Aujourd’hui, cette opposition fonctionne à l’envers : les récits décoloniaux, qui articulent contre « nos » sociétés un sentiment anti-occidental, peuvent être définis comme anthropémiques, alors que nous appellerons anthropophages les approches qui se proposent de dépasser le clivage Nord/Sud, aussi bien que celui Occident/Orient3.
Que s’est-il passé ? Tout d’abord, la base matérielle (le capitalisme) des sociétés dont parlait Lévi-Strauss en 1955 s’est transformée : au lieu d’organiser le travail autour de la prolétarisation (exclusion anthropéme) qui portait à une inclusion disciplinaire, le capitalisme contemporain est structuré sur l’inclusion modulaire (anthropophage) de tout le monde : des travailleurs d’Uber aux autochtones d’Australie. Tout le monde travaille (sur ou pour les plateformes), mais sans rentrer dans le rapport salarial industriel.
Par un autre paradoxe, ceux qui défendent le dehors se trouvent bien au cœur de la mondialisation et en viennent à définir le capitalisme global comme étant « négativement » anthropophage : c’est le cas, explicitement, de Nancy Fraser4 ou de Olúfémi O. Táíwò5 et, implicitement, de Slavoj Zizek6. Ceux qui, au contraire, défendent le dedans se trouvent, eux, aux marges de l’Empire, dans les favelas latino-américaines, dans les forêts tropicales, aux Antilles françaises et surtout dans l’exode des migrants.
Multitudes a évolué en oscillant entre ces deux lignes.
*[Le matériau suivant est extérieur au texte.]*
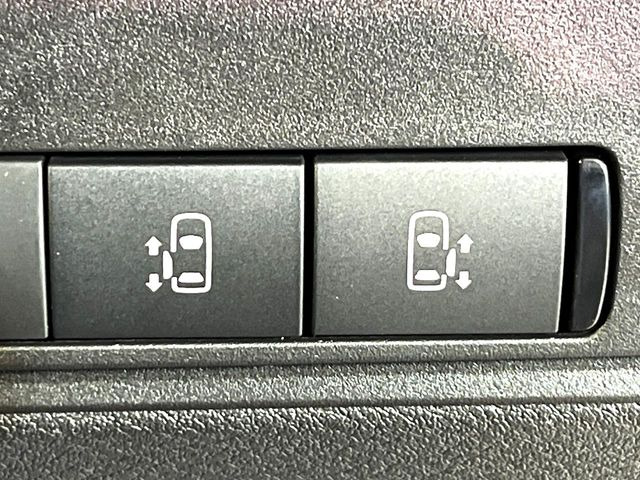 �y�����p���[�X���C�h�h�A�z�X�}�[�g�L�[��^�]�Ȃ̃X�C�b�`�Ō�ȗ����X���C�h�h�A�̊J���\���d��������͂����ăh�A���J����K�v�������A�����Ȃ��q�l�ł��ȒP�ɊJ���߂ł����K�ł���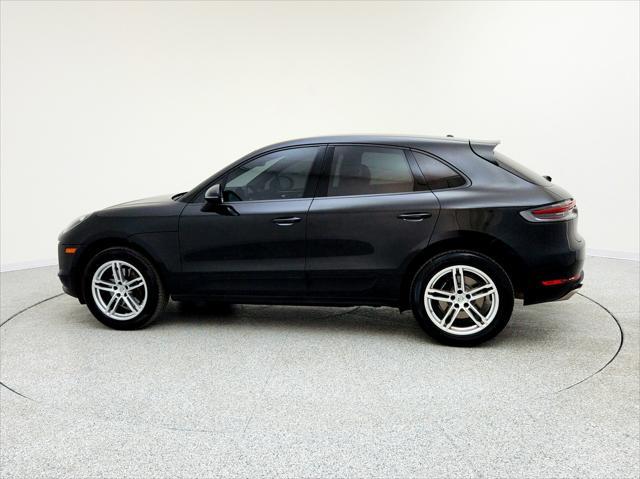 Photo of 2019 Black Porsche Macan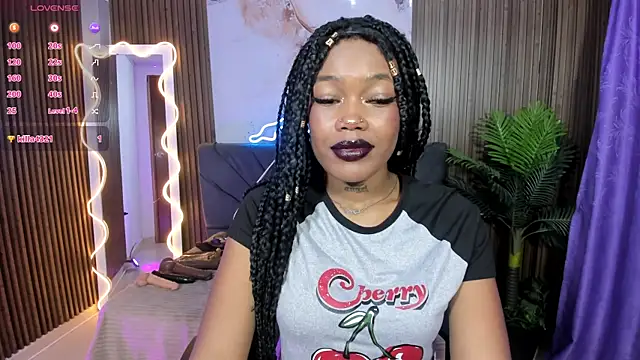 Snapshot of CRISTALBROKE_TAY chatting on 06/17/26, 07:04 CRISTALBROKE TAY online show from 06/17/26, 07:04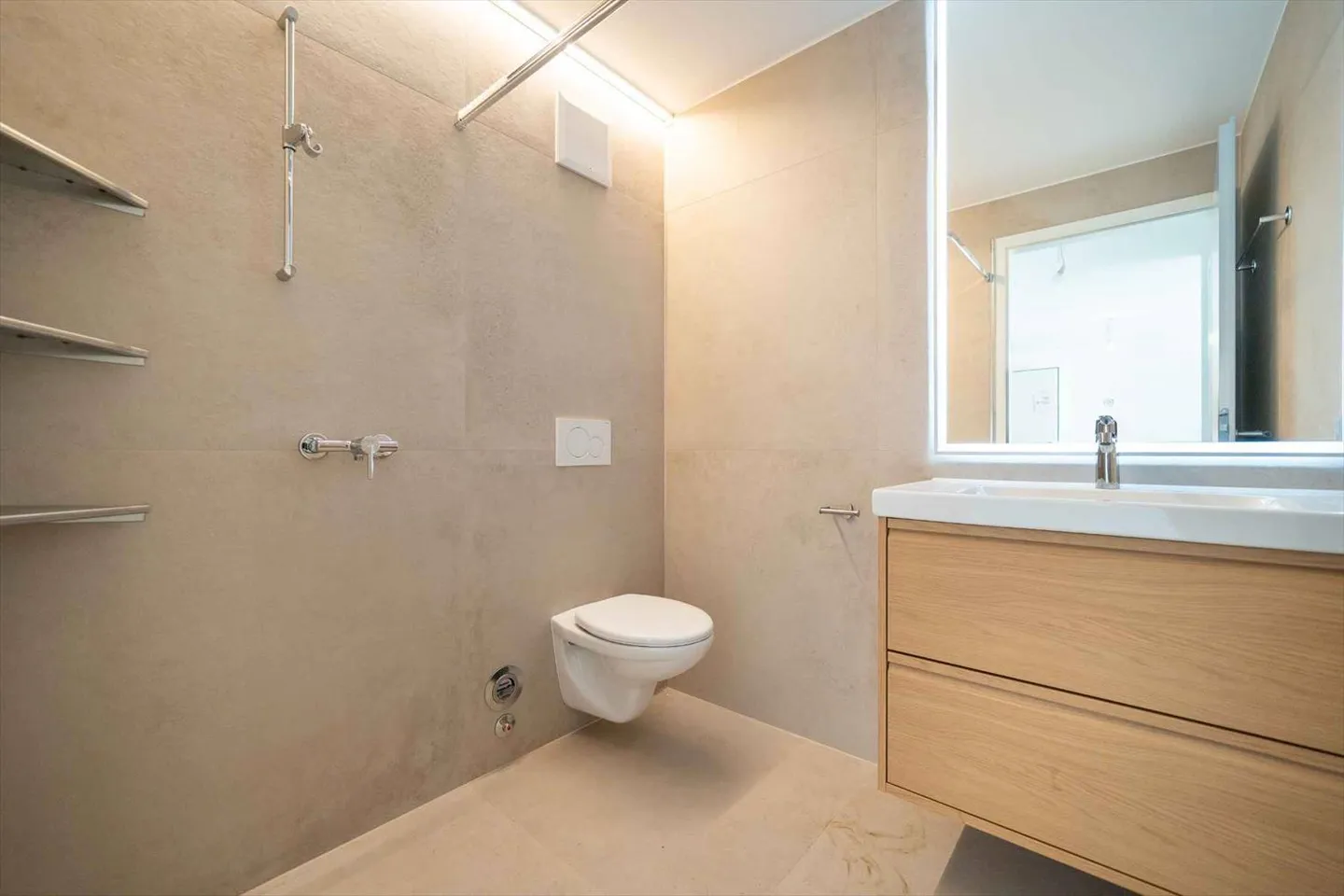 Neu, gemütlich und bereit, Sie willkommen zu heißen: Ihr zukünftiges Zuhause erwartet Sie! - Foto 9 von 13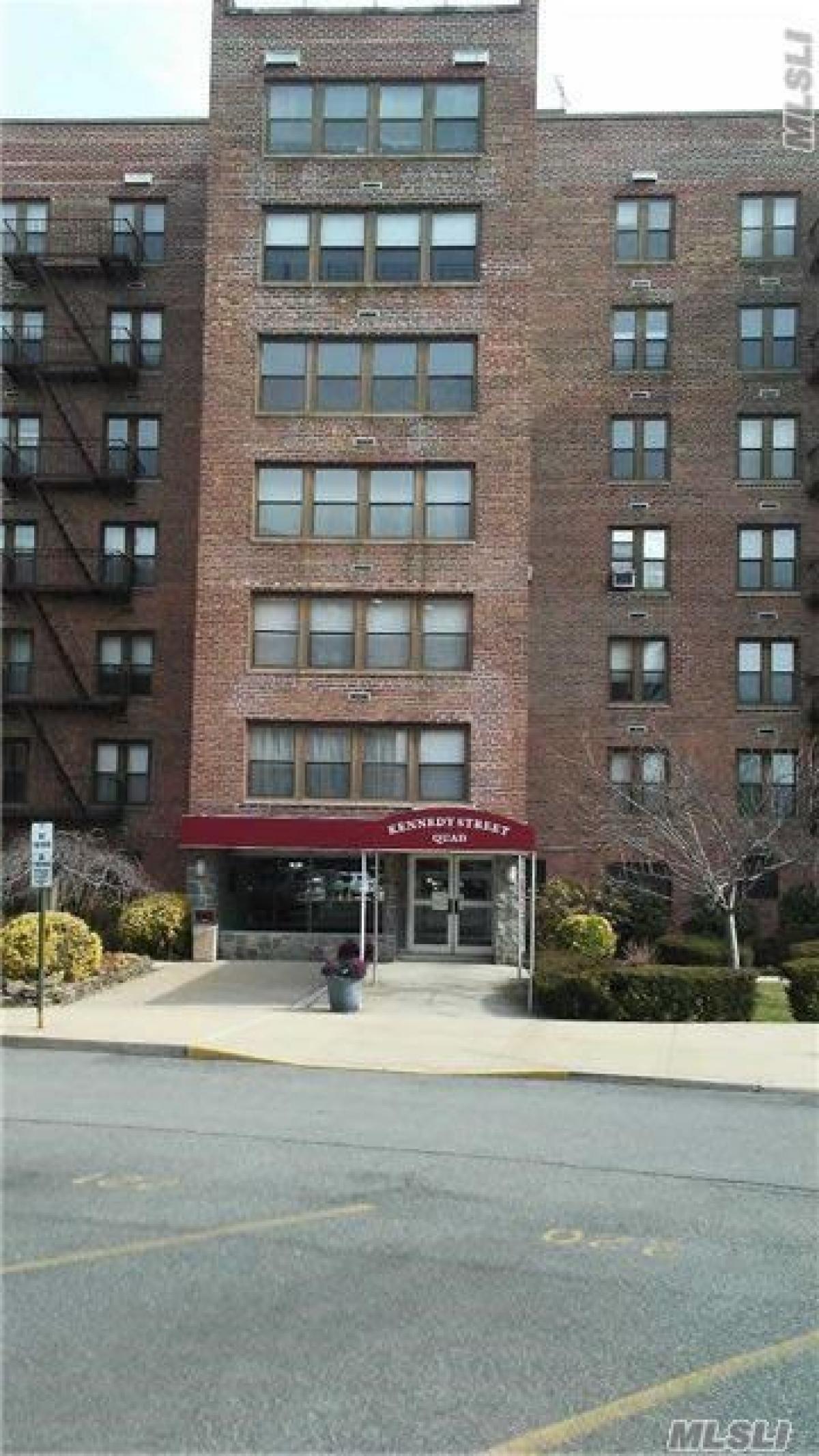 Picture of Apartment For Sale in Bayside, New York, United States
En même temps, celles-ci ont été traversées et transformées par une ligne de fuite nomade et africaine.
En 1990, le numéro 1 de Futur Antérieur, la revue dont dérive Multitudes, publiait un article de Giorgio Agamben sur la « communauté qui vient », celle qui venait d’être massacrée sur la place Tienanmen à Pékin par un régime déterminé à rentrer dans le marché global en faisant de sa main de fer sur les mouvements sociaux un « avantage comparatif ». « (L)a nouveauté de la politique qui s’annonce – écrivait le philosophe italien – c’est qu’elle ne sera plus une lutte pour la conquête ou le contrôle de l’État, mais une lutte entre l’État et le non-État (l’humanité), une disjonction irrémédiable des singularités quelconques et de l’organisation étatique7 ». Les luttes ont lieu dans la globalisation et contre les effets de domination, dans un horizon post souverain.
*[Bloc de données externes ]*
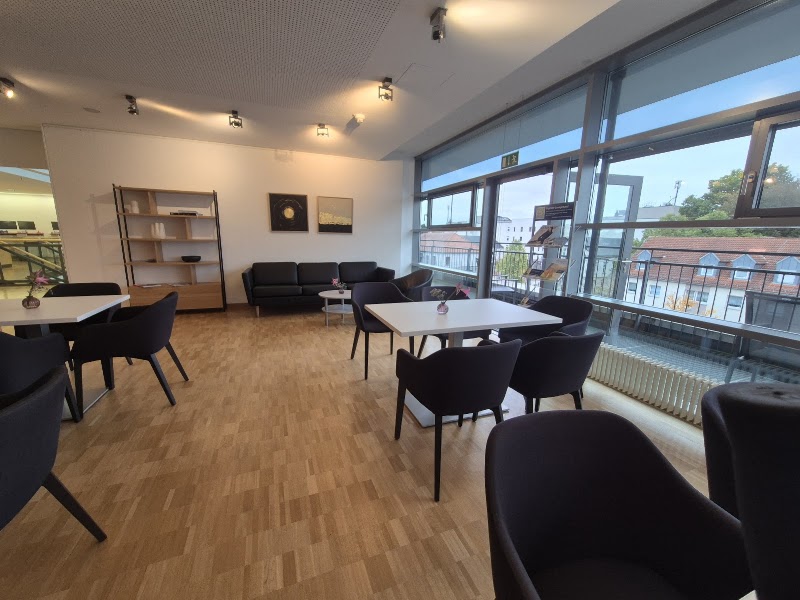 Hessingpark-Clinic GmbH - Hessingpark-Clinic GmbH, Wellenburger Straße 18 (Parkplatz), (Postadresse: Hessingstraße 17), 86199 Augsburg, Germany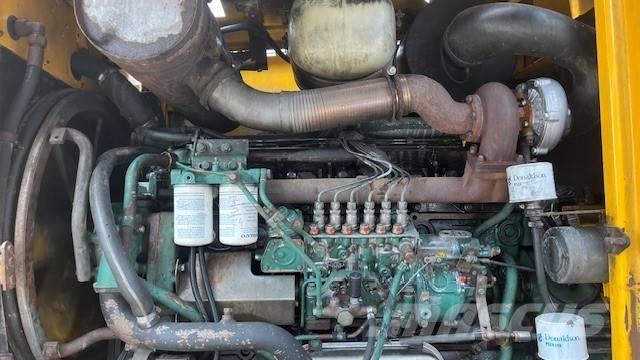 Volvo L 90 C لوادر بعجل
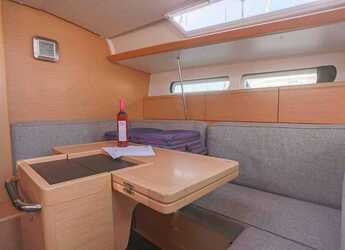 Rent a sailboat in Real Club Náutico de Palma - Sun Odyssey 419 - 3 cab.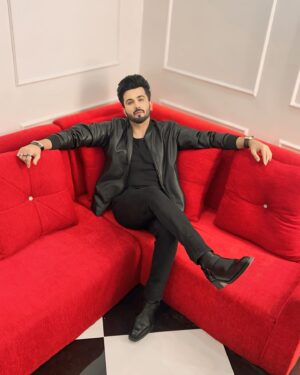 Dheeraj Dhoopar Instagram - The song has nothing to do with the photos, neither does the caption 👽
La première livraison de Multitudes sort exactement dix ans après, en mars 2000 et semble confirmer l’intuition d’Agamben. Un article propose une réflexion sur la gêne de la gauche des pays du Sud devant les manifestations qui avaient eu lieu à Seattle pendant le sommet de l’Organisation mondiale du commerce : alors que les mobilisations demandaient la démocratisation de sa gouvernance, la gauche tiers-mondiste était carrément contre la mondialisation8. C’est la répétition du paradoxe de l’abolition de l’esclavage décrite par Maurice Merleau-Ponty. Inspiré par les travaux de l’historien jamaïcain C.L.R. James sur les Jacobins noirs de Saint Domingue, Merleau-Ponty retrace les oscillations du premier ministre anglais, Pitt the Younger9 : d’abord il appuie le camp abolitionniste en France et ensuite il s’allie aux maîtres esclavagistes de Saint Domingue en fonction de l’évolution du conflit avec la France. Les soldats de Napoléon envoyés pour rétablir l’esclavage constataient que les Haïtiens, dont on leur avait dit qu’ils étaient des « agents » des exilés armés par l’étranger, chantaient la Marseillaise et le Ça ira : « La justice serait-elle du côté de nos ennemis barbares10 ? ». Merleau-Ponty insiste justement sur la manière dont les « mêmes principes (ceux de la Révolution) peuvent être mobilisés au même moment dans les deux camps d’un même conflit ». Or, le mécanisme de cette corruption des principes est bien celui de la « raison d’État » : l’exclusion de la citoyenneté sert à faire de l’inclusion une domination (l’esclavage) au nom d’intérêts nationaux et donc des plantations coloniales.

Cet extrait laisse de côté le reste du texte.